Prairie Towns Die Slowly in Canada

By DeNeen L. Brown, Washington Post, Saturday 25 October 2003; Page A16

Cash Crunch, Weariness Converge To Drive Away Farmers and Youth

LAURA, Saskatchewan—The town of Laura used to have a grain elevator, a bank, an elementary school, a livery barn, streetlights and sidewalks. Now ghosts walk the streets and only a few people live in the houses that remain. There are no businesses left. The grain elevator is gone, burned to the ground by the company that built it.

Nettie Wiebe, an organic foods farmer and ethics professor, watched the cremation of the grain elevator. They dug a huge hole. They brought in large cranes, Wiebe said. Inside, the elevators were built of the finest timbers. But they pushed everything into a hole.

The elevator burned for more than a day. And on that final day, the town died.

When that was closed and destroyed, it left no focal point for the community, Wiebe said of the town 60 miles southwest of Saskatoon. It was the last of the community institutions. The school, the post office, the local library—once those closed it's very hard to keep a village alive.

Towns throughout Canada's prairies are dying slow deaths. All along the highways of Saskatchewan, abandoned buildings lean against the prairie wind, which blows through the cracked windows of houses deserted by families who traded them for a few thousand dollars or for the cars in which they drove away.

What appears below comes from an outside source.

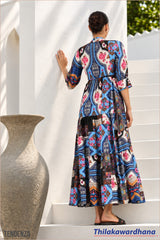 Tendenza Bohemian Tiered Maxi Dress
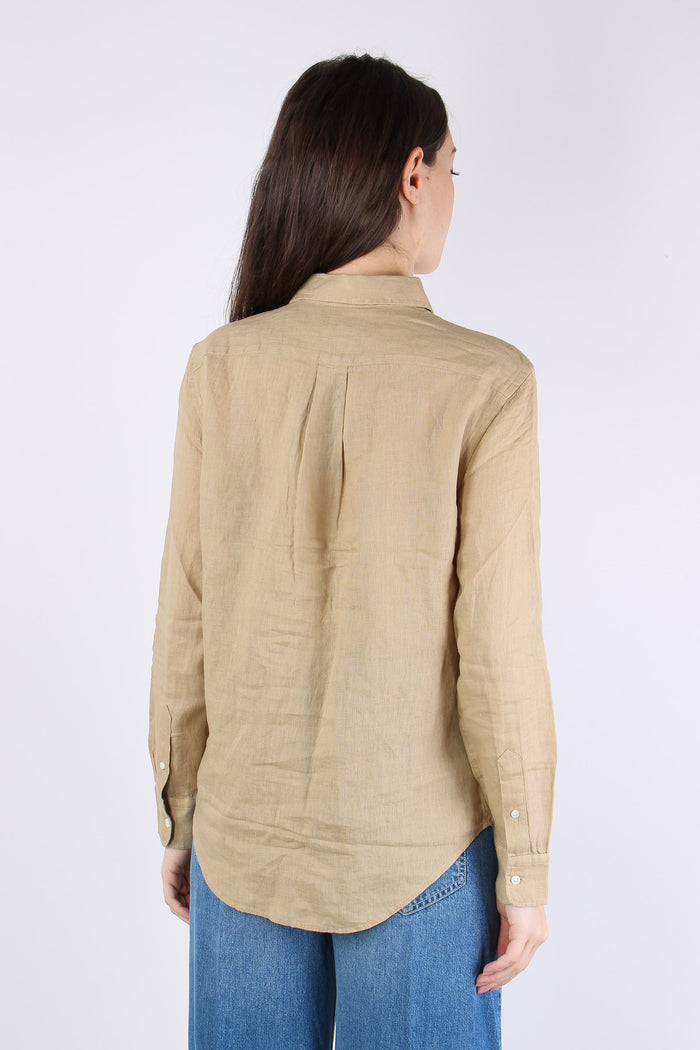 Camicia Classica Lino Coastal Beige-4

The number of small farms in the province has dropped by more than 20,000 since 1986, the result of slashes in farm subsidies, the high interest rates of the 1980s, forfeitures, banks refusing loans to farmers and drought, according to government statistics. Rural residents have moved to Saskatoon and Regina, the province's main cities, forsaking their villages. In the rush to globalization and large-scale food production, many small farms have been gobbled up by big, intensive operations with hired management.

What is happening in Canada is being replicated everywhere in the world, said Wiebe, who teaches at St. Andrew's College at the University of Saskatchewan. Canada and the United States are on the cutting edge of highly industrialized food productions. There are intensive livestock operations. Around the world, they are touted by officials as progress, maximized production, chemicals and hybrid seeds.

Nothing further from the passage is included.